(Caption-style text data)
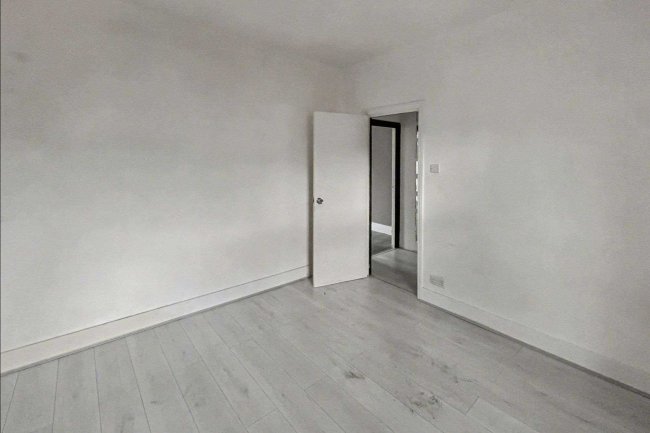 14 Gowrie Road, Battersea, London SW11 5NR 7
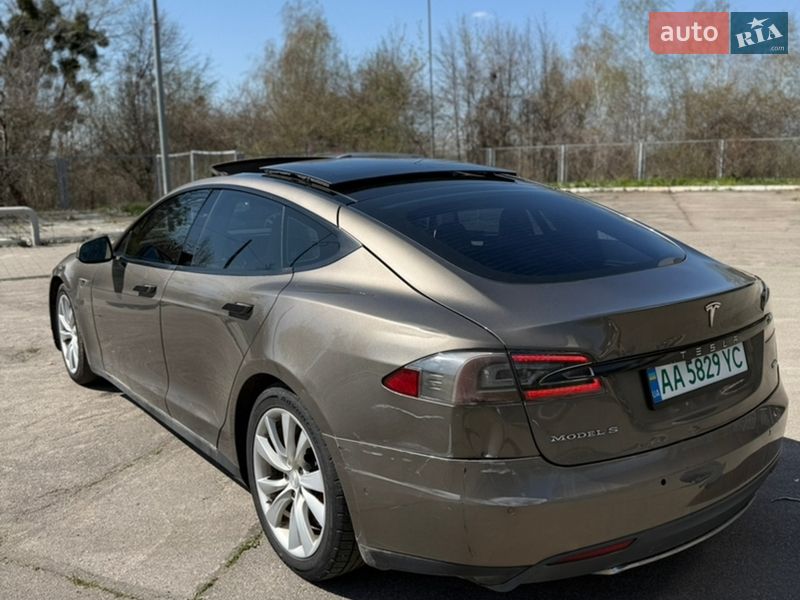 Лифтбек Tesla Model S 2015 в Каневе фото 12 Лифтбек Tesla Model S 2015 в Каневе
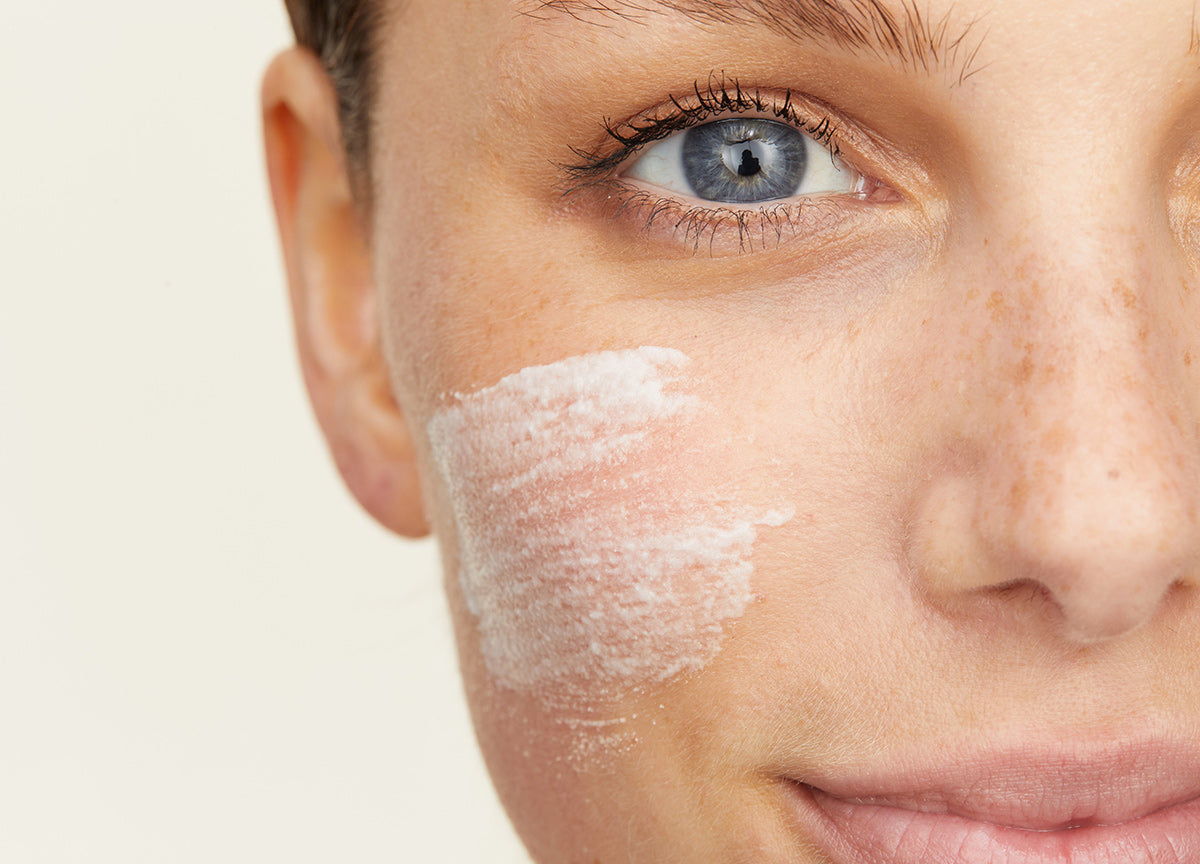 Your Guide to Physical vs Chemical Exfoliants 2023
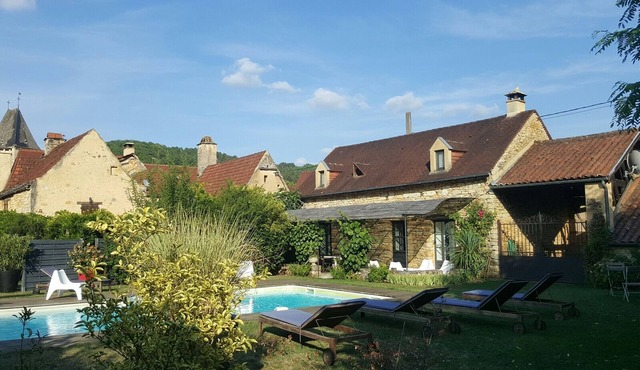 Maison de Noëmie near Sarlat, heated swimming pool from mid-May to the end of September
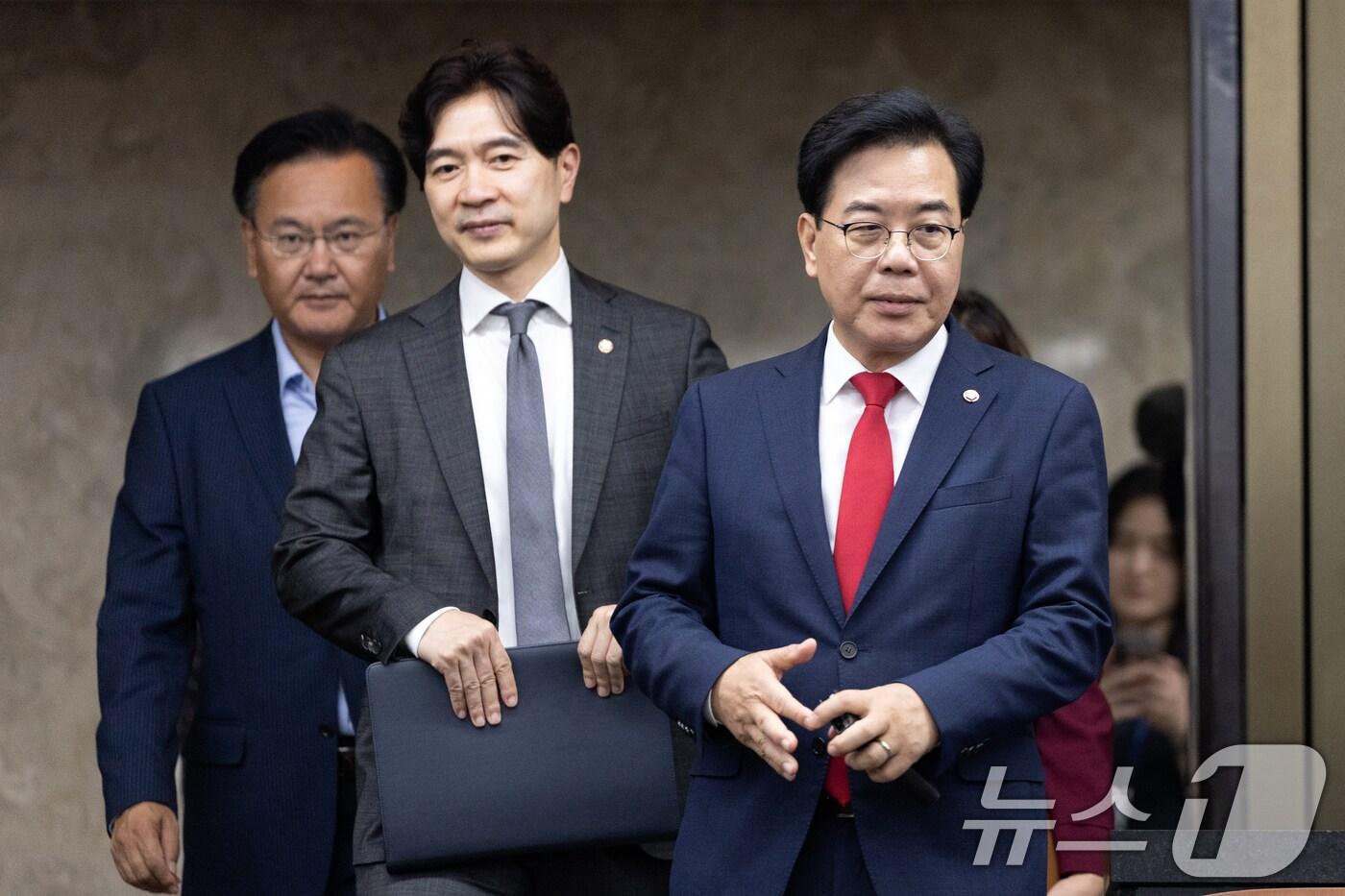 송언석 국민의힘 비상대책위원장 겸 원내대표가 8일 오후 서울 여의도 국회에서 열린 긴급 의원총회에 참석하고 있다. 2025.8.7/뉴스1 ⓒ News1 이승배 기자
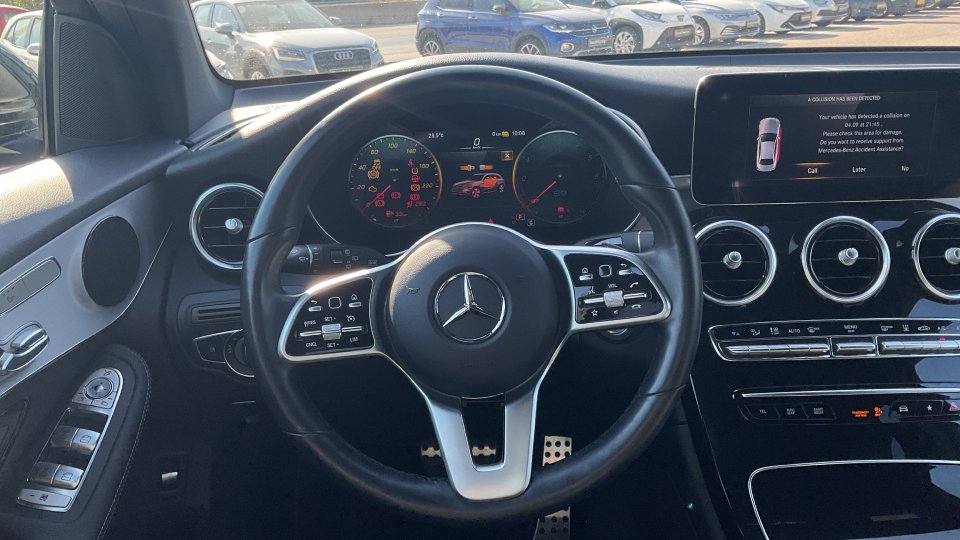 MERCEDES GLC 300 4MATIC AMG LINE 2022 306PS 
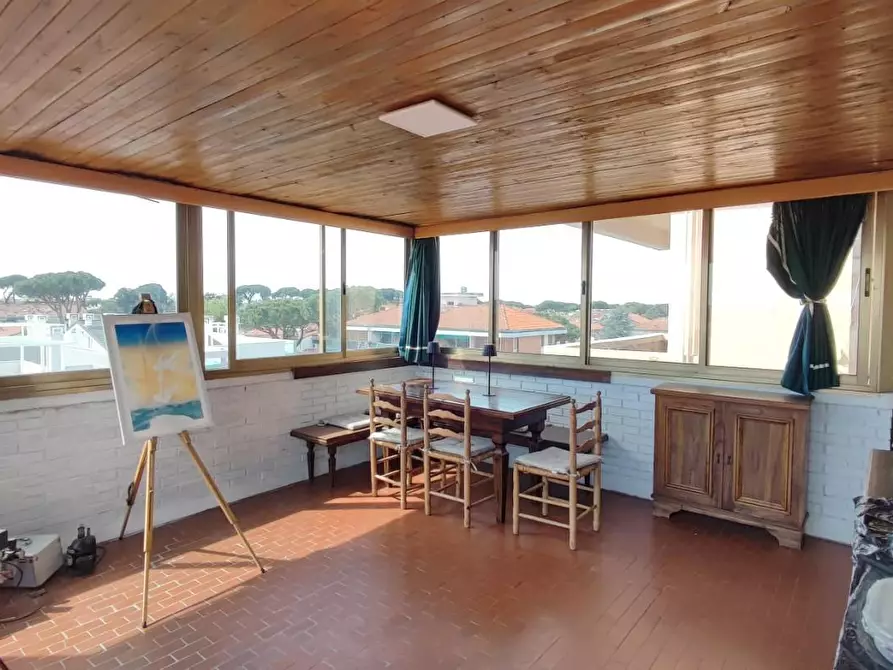 Immagine 6 di Mansarda in vendita  a Viareggio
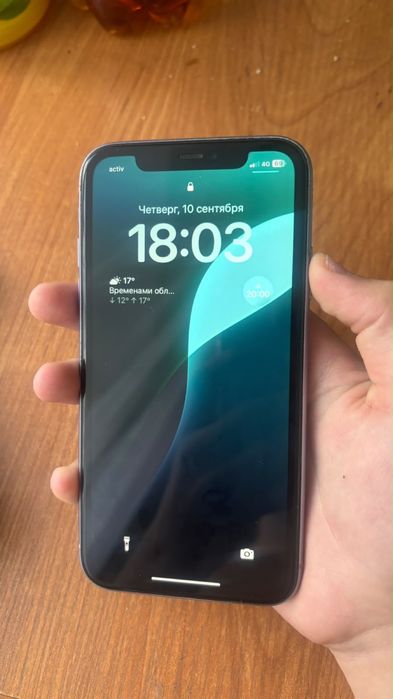 2x Iphone 11 64g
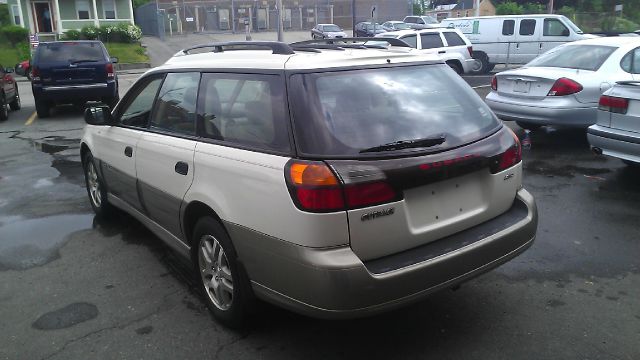 Subaru Outback 2004 photo 18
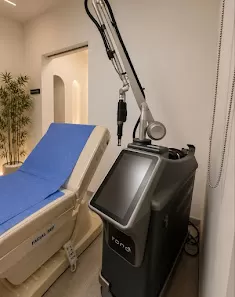 عيادة الدكتور بشار جرار للجلدية والتجميل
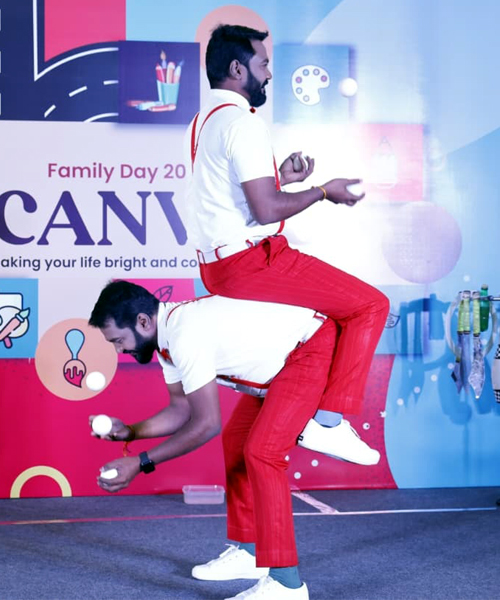 ashok-anand-twin-jugglers-india-asia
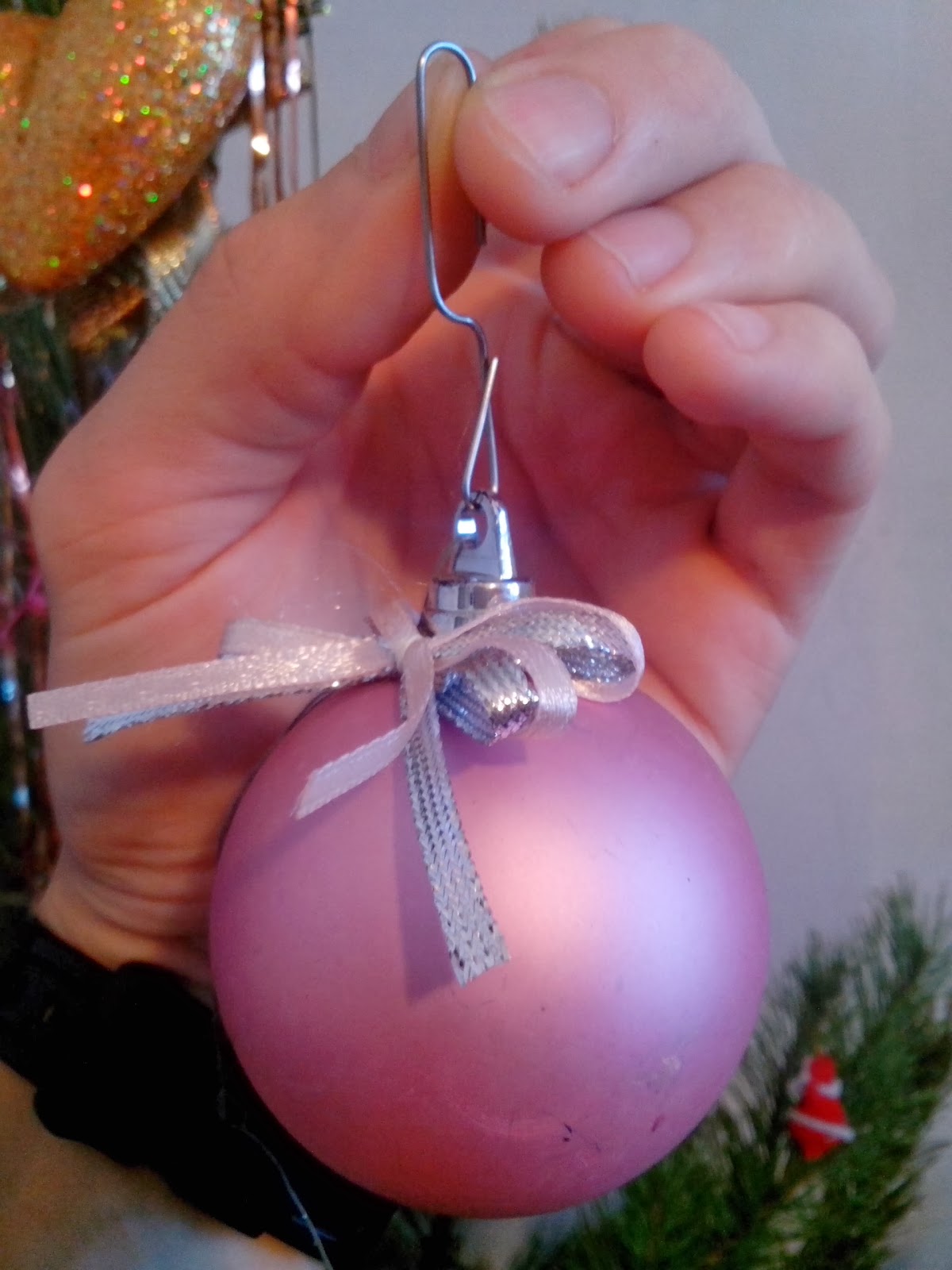 елочный шар. шарик новогодний. подвес для елочных игрушек. елка бронзовые шары. крепление для елочных игрушек.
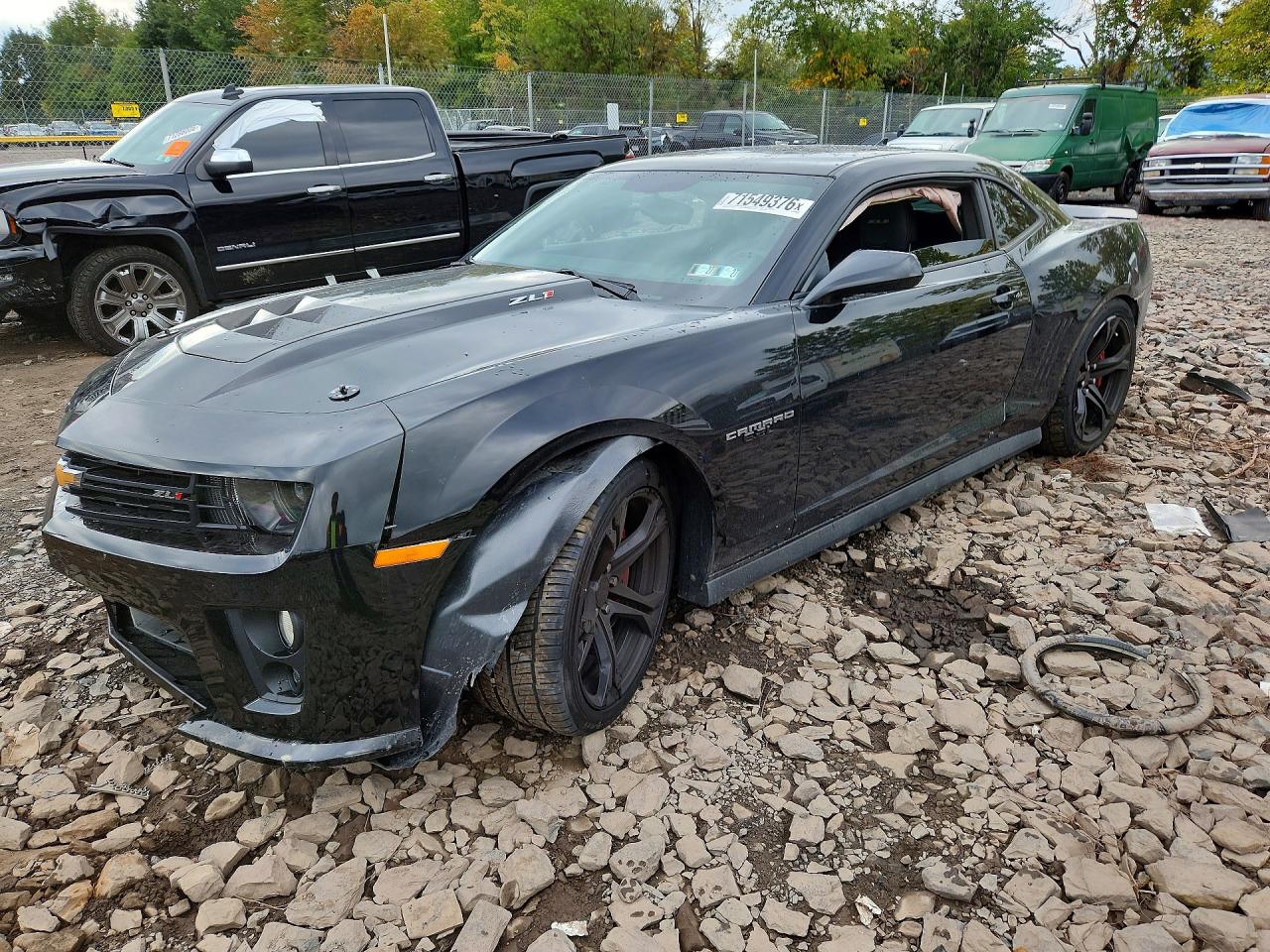 2012 CHEVROLET CAMARO SS — Front 3/4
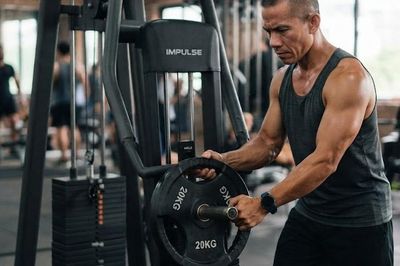 Nam giới tuổi 40 tập cơ ngực, khi nào nên tăng mức tạ?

### Prompt
None of the pictures belongs in the answer, but all the entries must be repeated exactly.

### Exercise response
 14 Gowrie Road, Battersea, London SW11 5NR 7
 Лифтбек Tesla Model S 2015 в Каневе фото 12 Лифтбек Tesla Model S 2015 в Каневе
 Your Guide to Physical vs Chemical Exfoliants 2023
 Maison de Noëmie near Sarlat, heated swimming pool from mid-May to the end of September
 송언석 국민의힘 비상대책위원장 겸 원내대표가 8일 오후 서울 여의도 국회에서 열린 긴급 의원총회에 참석하고 있다. 2025.8.7/뉴스1 ⓒ News1 이승배 기자
 MERCEDES GLC 300 4MATIC AMG LINE 2022 306PS 
 Immagine 6 di Mansarda in vendita  a Viareggio
 2x Iphone 11 64g
 Subaru Outback 2004 photo 18
 عيادة الدكتور بشار جرار للجلدية والتجميل
 ashok-anand-twin-jugglers-india-asia
 елочный шар. шарик новогодний. подвес для елочных игрушек. елка бронзовые шары. крепление для елочных игрушек.
 2012 CHEVROLET CAMARO SS — Front 3/4
 Nam giới tuổi 40 tập cơ ngực, khi nào nên tăng mức tạ?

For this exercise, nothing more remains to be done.